Also treats workers to drinks during their breaks
Turns out, the young girl had been jio-ing the workers to such game sessions over the past week, as they worked on a project at the house.
Apart from board games, she would also offer them drinks during their breaks.
By now, the cousin has gotten so close to the trio that she addresses them by name.
Young girl embraces friends of different skin colours
Mr Yang’s cousin reportedly held no reservations when it comes to befriending them.
According to Mr Yang, it did not matter to her that they were of different skin colours.
Instead, the only things that mattered to her were that they were friendly and willing to play games with her.
The netizen later learned that one for the workers had a young daughter back home who’s around the same age as Mr Yang’s cousin — who reminds the worker of his own child.
Discrimination is a result of external factors
Reflecting on the incident, Mr Yang pointed out that the prejudices some of us now have are the results of external factors like media and our own lived experiences.
These biases are not inherent to us, and his young cousin is an example of that.
Moving forward, Mr Yang hopes he would have the discipline to inculcate such “positive values” to his own son too.

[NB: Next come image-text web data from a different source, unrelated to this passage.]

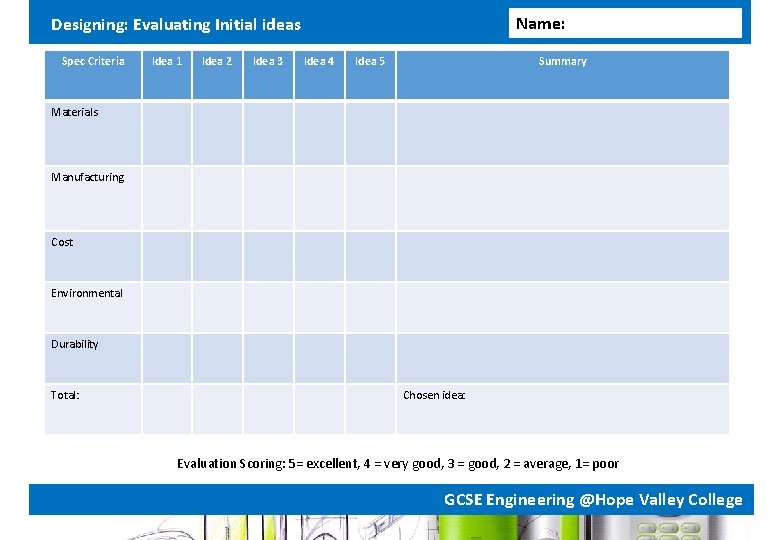 Name: Designing: Evaluating Initial ideas Spec Criteria Idea 1 Idea 2 Idea 3 Idea Name: Designing: Evaluating Initial ideas Spec Criteria Idea 1 Idea 2 Idea 3 Idea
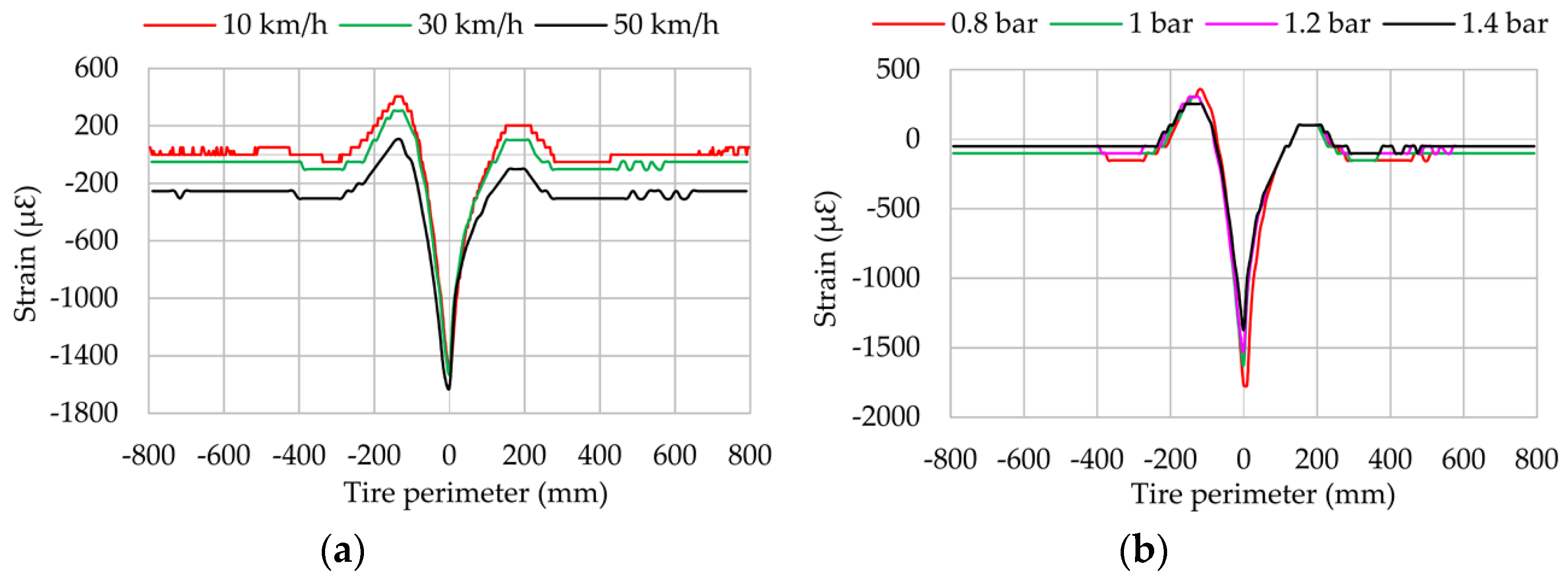 Sensors 17 00874 g013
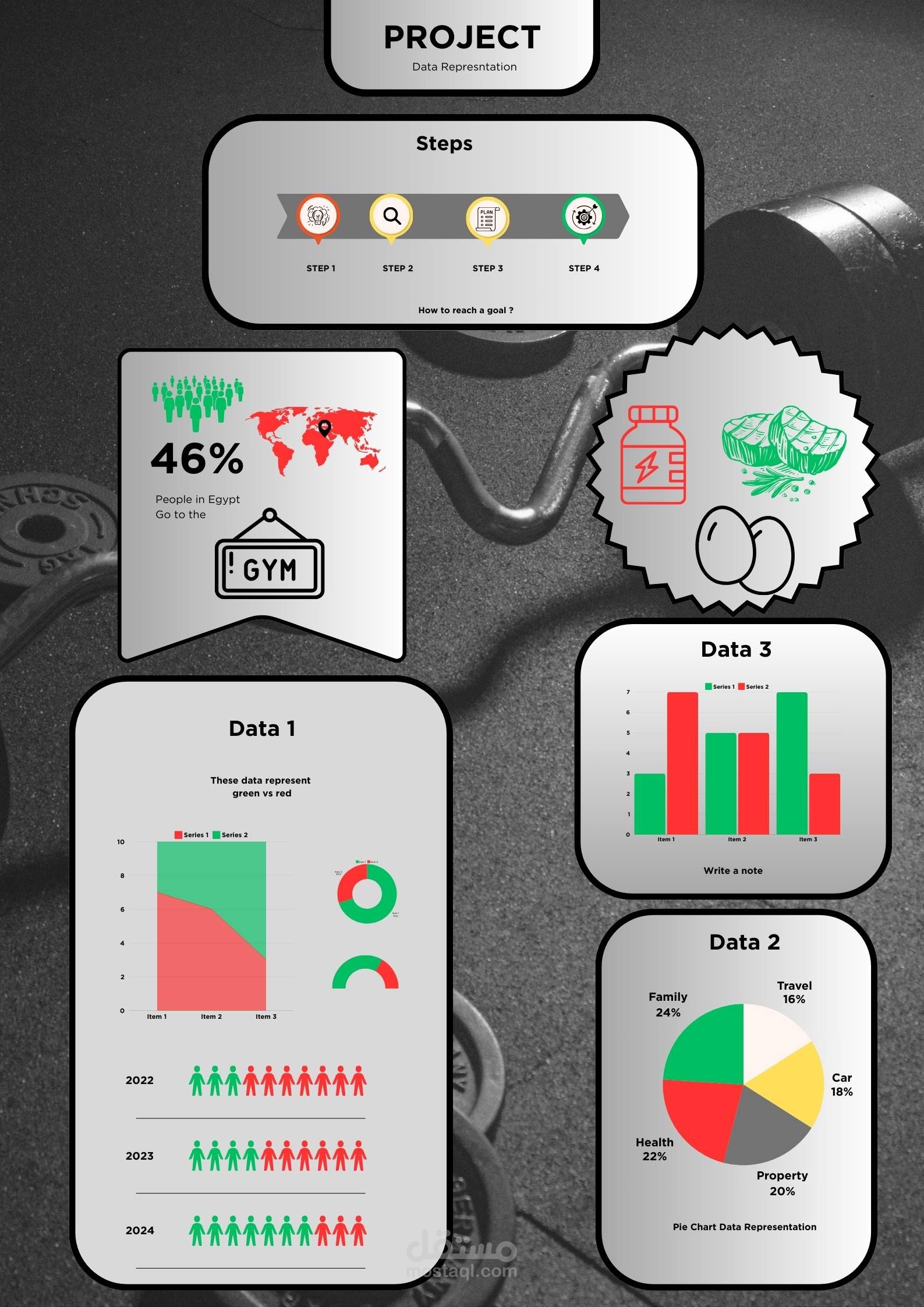 Infographic Sample Project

Humans are not inherently discriminatory
Mr Yang’s recount is a touching reminder of how humans are not inherently discriminatory.
We might not share the same colour, language, or accent, but that’s no reason to hold on to unfound assumptions about each other.
The more we treat others with distrust and hostility, the likelier it’ll be for them to retaliate in a manner that reinforces our earlier beliefs.
Does that not sound like a vicious cycle that we ought to break out of?